Los agujeros negros primordiales son objetos hipotéticos que, según los modelos, surgieron en los inicios del Universo. Tienen las propiedades de la materia oscura y son capaces de agruparse alrededor de galaxias. Aunque todavía no se han descubierto tales agujeros negros, podrían explicar la mayoría de los aspectos de la materia oscura.
Sin embargo, la mayoría de los candidatos a agujeros negros primordiales aún no han sido confirmados mediante observaciones. Deben ser tan numerosos que a menudo pasarían por delante de las estrellas, creando eventos de microlente. Sin embargo, varios estudios del cielo no han sido concluyentes, lo que hace que la existencia de agujeros negros primordiales sea una idea poco probable.
Un nuevo artículo científico propone un enfoque alternativo. Observa los agujeros negros ultraligeros, que se encuentran al final de las masas posibles y emiten radiación de Hawking.

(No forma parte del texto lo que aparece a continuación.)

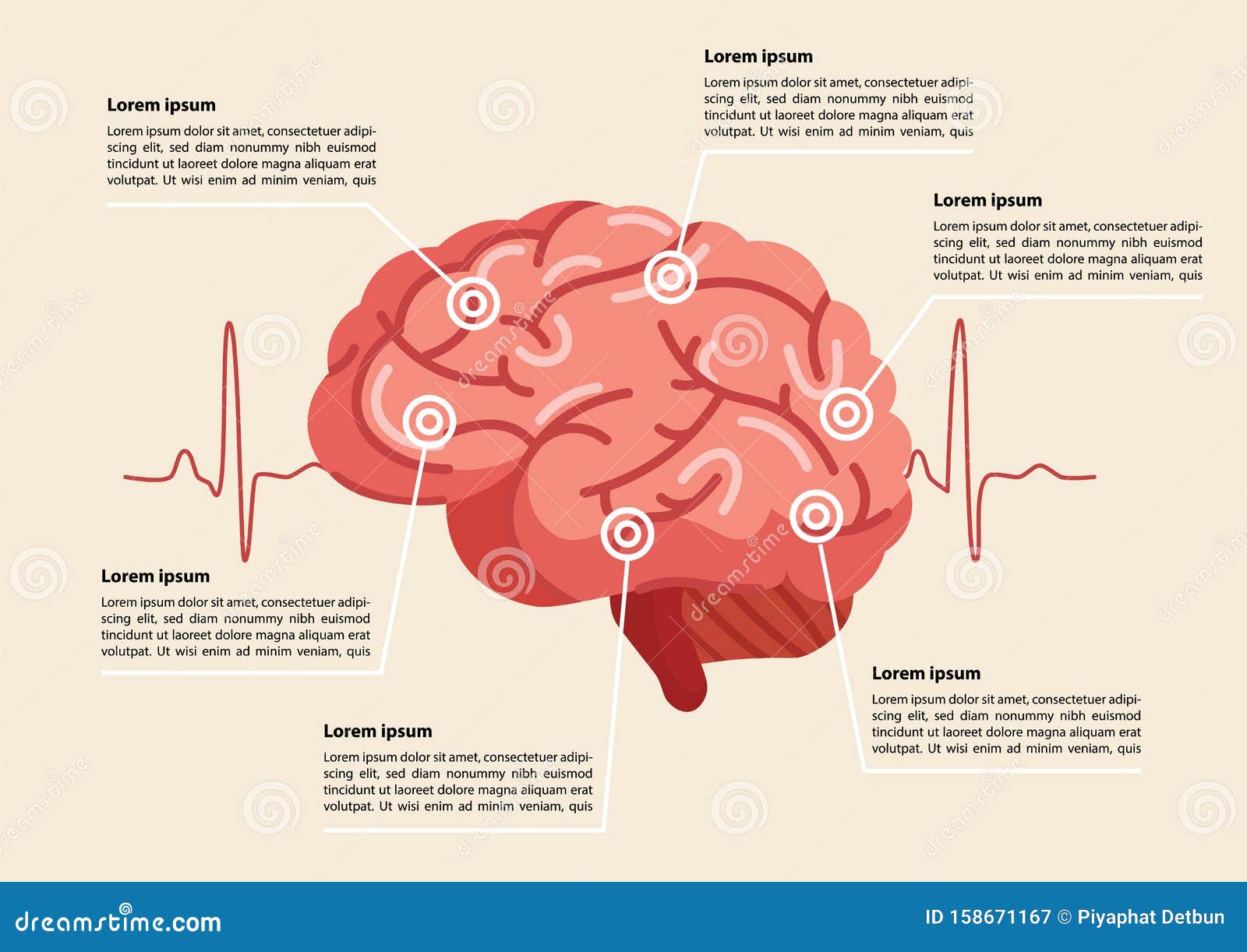 Stroke Types Set. Hemorrhagic And Ischemic Brain Stroke. Damaged Human ...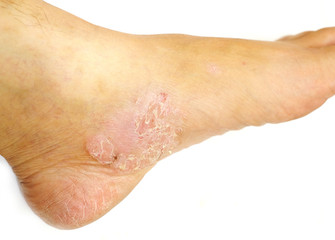 Psoriasis on white isolated
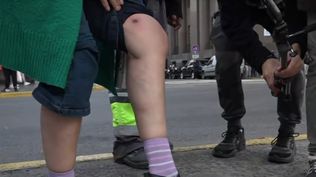 Romina del Plá, denunció esta tarde haber sido víctima de un ataque con balas de goma por parte de la Policía en el Congreso﻿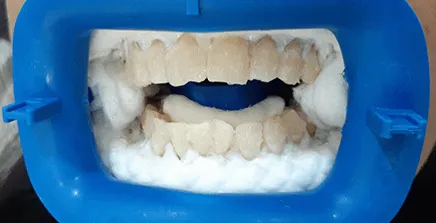 33949 at home teeth whitening ga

La tasa de evaporación de Hawking es inversamente proporcional al tamaño del agujero negro, por lo que los agujeros negros ultraligeros deberían evaporarse rápidamente. Sin embargo, dado que no existe un modelo completo de la gravedad cuántica, los científicos no saben exactamente cómo termina el ciclo de vida de estos agujeros negros.
El autor del trabajo señala tres posibles resultados. En el primer caso, el agujero negro se evapora por completo, creando una breve explosión de partículas de alta energía. En el segundo caso, algún mecanismo impide la evaporación completa y el agujero negro alcanza un “estado de equilibrio”. En la tercera opción, el “estado de equilibrio” conduce a la desaparición del horizonte de sucesos, dejando sólo una singularidad. En estos dos últimos casos, los agujeros negros pueden tener carga eléctrica.
El punto importante es el momento en que estos agujeros negros se evaporan. Si fueran pequeños, deberían haberse evaporado rápidamente y afectar al Universo primitivo. Si el tiempo de evaporación es largo, podemos notar destellos de radiación gamma. Sin embargo, aún no se han registrado observaciones de estos efectos.
El autor del trabajo señala que en las dos últimas opciones se logrará el “equilibrio” en la escala de Planck y los restos de los agujeros negros tendrán el tamaño de un protón, pero una masa mucho mayor. Sin embargo, estos residuos, si son eléctricamente neutros, pueden ser difíciles de detectar. Pero si tienen carga, podrán detectarse mediante nuevos detectores de neutrinos.
Un nuevo trabajo muestra que las observaciones actuales no descartan la posibilidad de la existencia de agujeros negros primordiales. Si bien no se dispone de información más precisa, este modelo complementa los supuestos teóricos ya existentes.